Hypothetical: 4-9 and a Rose Bowl berth

Submitted by Brhino on

The following is inspired by the faint possibility of a 7-6 UCLA team playing in the Rose Bowl (oops, Oregon just scored another touchdown...).

 

Suppose a Big Ten team (Let's say Indiana just for fun) starts the season with four straight non-conference losses.  Also suppose that Indiana goes 3-5 in conference play but still wins the Leaders division.  This is not impossible - if every Leaders team loses every game against the Legends division, and each team goes either 3-2 or 2-3 in intra-Leaders games, then the division winner will be whichever 3-2 team wins the tiebreaker.

That would make Indiana 3-9 after the regular season but still playing in the championship game.  Suppose they win.  Their record goes to 4-9, and as the winner of the Big Ten championship game, they are awarded a spot in the Rose Bowl.

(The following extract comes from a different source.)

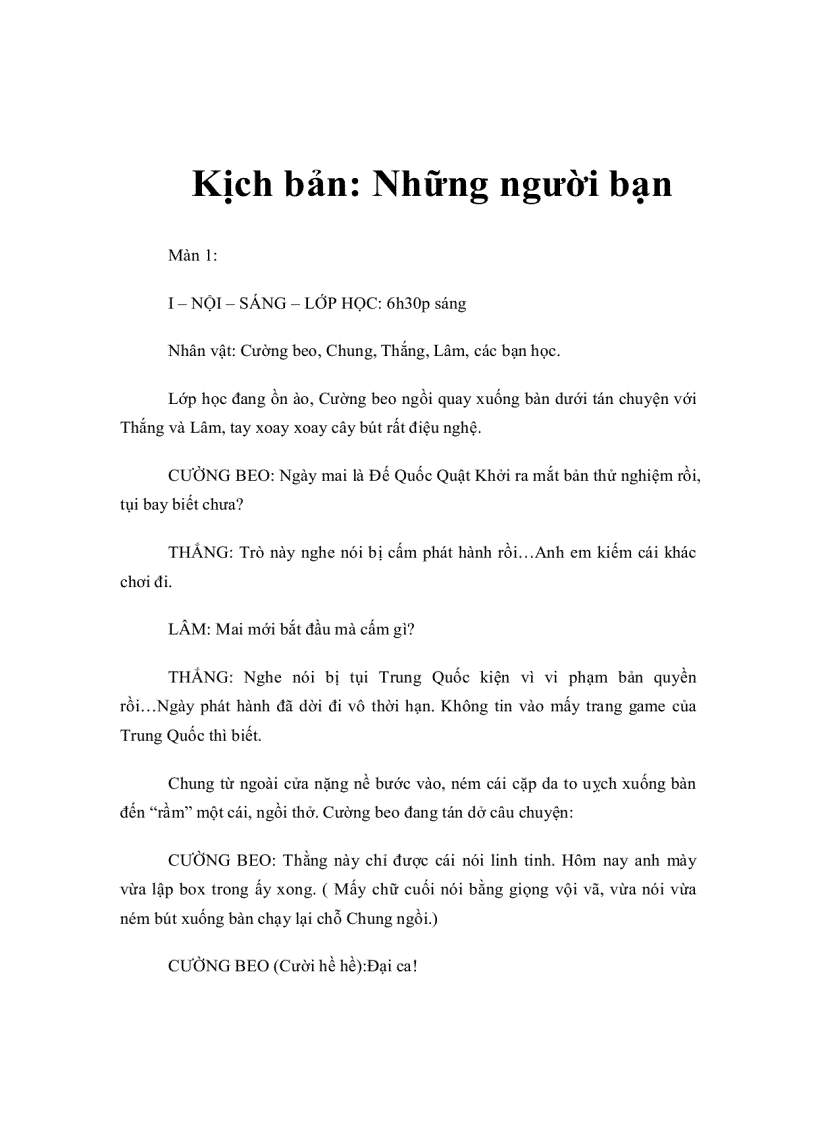 image for page Kịch bản Những người bạn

Or are they?  They don't have six wins, so they're not even bowl eligible.  So what happens?

ForeverVoyaging

December 2nd, 2011 at 10:07 PM ^

Bowl eligibility only applies to bowl invitations. The B1G is automatically given a berth in the Rose Bowl. Imagine if every team in an AQ conference save one was given a bowl ban. Even if that remaining team went winless, they would still take the conference's BCS berth.

jmblue

December 2nd, 2011 at 10:09 PM ^

Hypothetical: a meteor falls into the path of a wide receiver running up the sideline, knocking him out of bounds before he returns and catches the pass.  Is it a valid catch? 

jtmc33

December 2nd, 2011 at 10:37 PM ^

They go to the Rose Bowl as Conference Champs. No 6 wins required.

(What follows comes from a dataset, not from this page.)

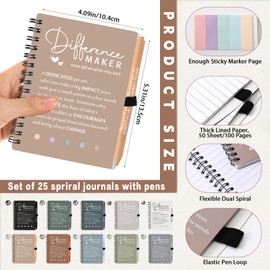Jetec 25 Sets Employee Appreciation Gifts Bulk Teacher Appreciation Notebook Inspirational Spiral Notebooks with Ballpoint Pens Thank You Gifts for CNA Week Nurse(Neutral Color,Difference Maker)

A more realistic example would be a 5-8 MAC champ. Could happen. If they win the tie breaker in the division at 4-4 and then win the conference champ game they go bowling. Record is irrelevant.

jethro34

December 2nd, 2011 at 11:20 PM ^

No way that any team could possibly lose all four non-conference and somehow win a division.  There's no way a team could ever be that bad, especially considering how laughable non-conference schedules are, and then somehow be that good.  Neither division has enough cupcakes.

Sugaloaf

December 2nd, 2011 at 11:52 PM ^

Have you not watched college football over the past 25 years??? Anything is possible. And this case could certainly be possible if say, the star qb and rb were suspended/injured for the first 5 games then came back. Nothing impossible about this scenario at all. And did you see the Leaders division this year? what about next year?

JClay

December 2nd, 2011 at 11:23 PM ^

This has actually happened in the Sun Belt. In 2001, North Texas went 0-5 in their out of conference games, went 5-1 in conference and beat the other 5-1 team. The NCAA ruled at 5-6 they had to be allowed into a bowl as conference champion.

Doctor Wolverine

December 2nd, 2011 at 11:45 PM ^

This basically sounds like the Big East every year. When will the BCS get smart and require AQs to at least be in the top 20, better yet top 14? If not, the spot should go to a more qualified team.

Vasav

December 3rd, 2011 at 2:36 AM ^

Let's also not forget that the Pac 12 South's best team is ineligible for the post-season, hence the silliness of UCLA. Let's say next year's B1G East, Ohio is banned from a bowl but rips through the competition, while everybody else falls off to the 2-3 win level. It's even more plausible once the B1G goes to 9 conference games - you could see someone with as few as 3 wins conceivable going to the title game.

Of course, maybe this is an argument for the B1G's gerrymandered divisions. After all, the biggest disparities between divisions this year are in the SEC and the Pac 12. I am not a fan of "leaders and legends" divisions, but maybe there's something to it.